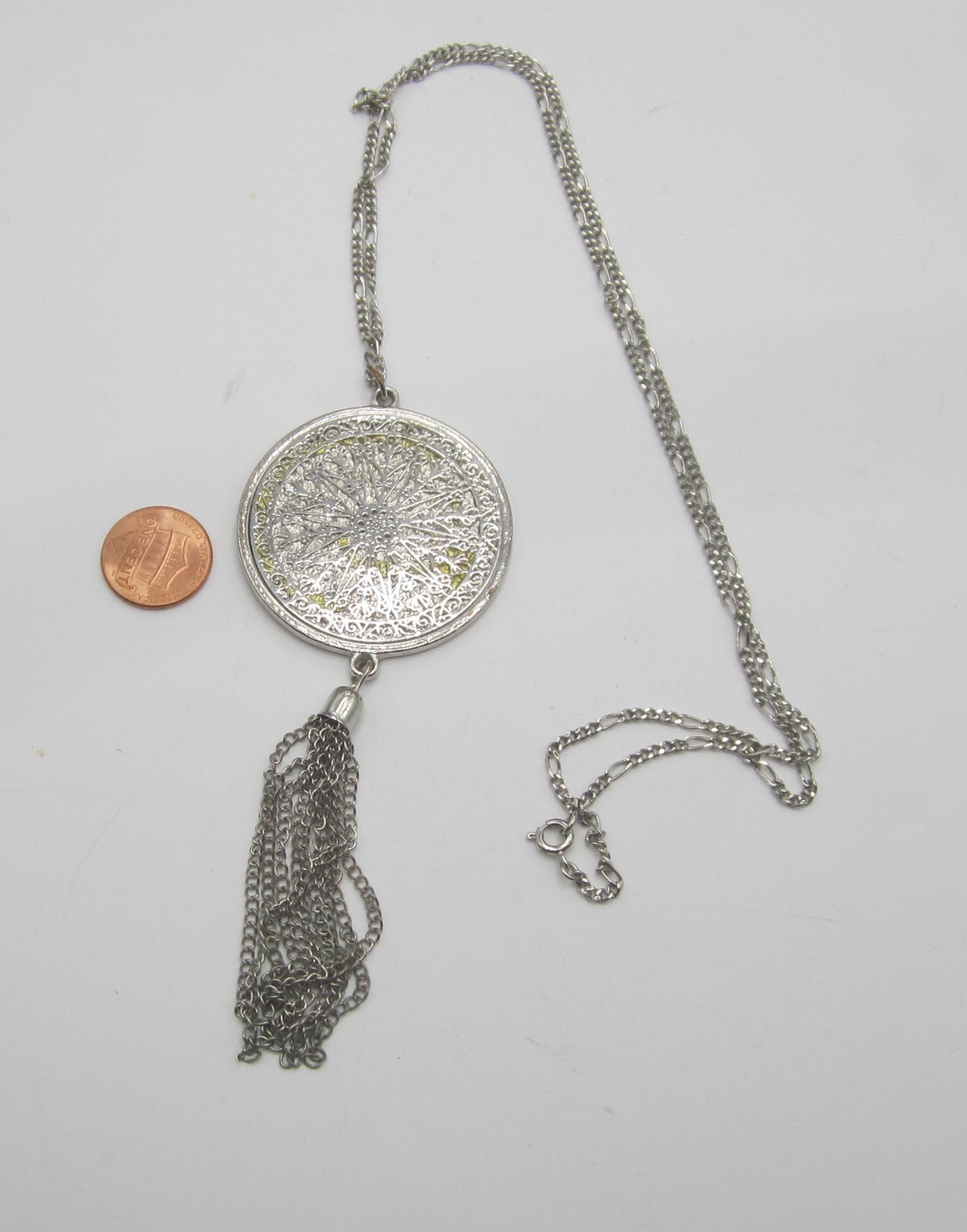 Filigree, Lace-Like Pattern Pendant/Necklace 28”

--

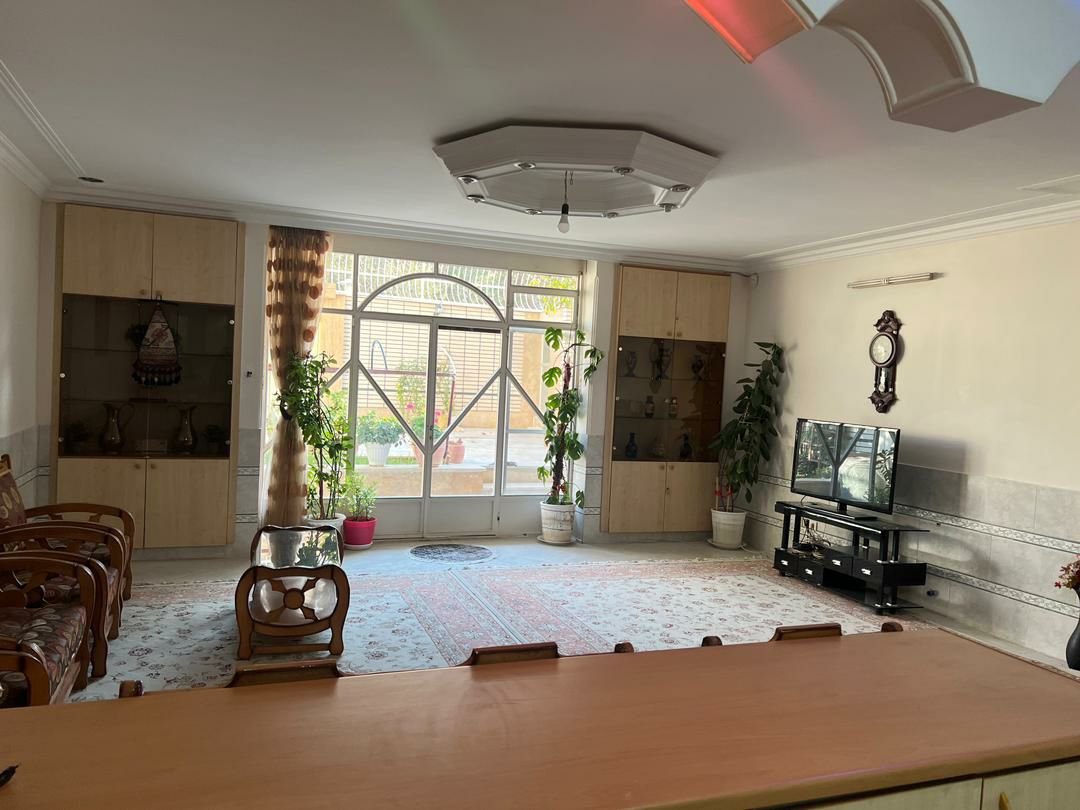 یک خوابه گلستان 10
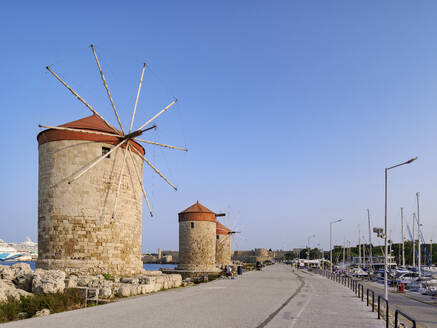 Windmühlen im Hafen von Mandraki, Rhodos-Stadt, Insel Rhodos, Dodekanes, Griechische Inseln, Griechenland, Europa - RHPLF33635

• Work to be completed: Would you print exactly the lines in the listing above, from the line bearing "یک خوابه گلستان 10" through the line bearing "Windmühlen im Hafen", leaving out all pictures?

• Task output:
 یک خوابه گلستان 10
 Windmühlen im Hafen von Mandraki, Rhodos-Stadt, Insel Rhodos, Dodekanes, Griechische Inseln, Griechenland, Europa - RHPLF33635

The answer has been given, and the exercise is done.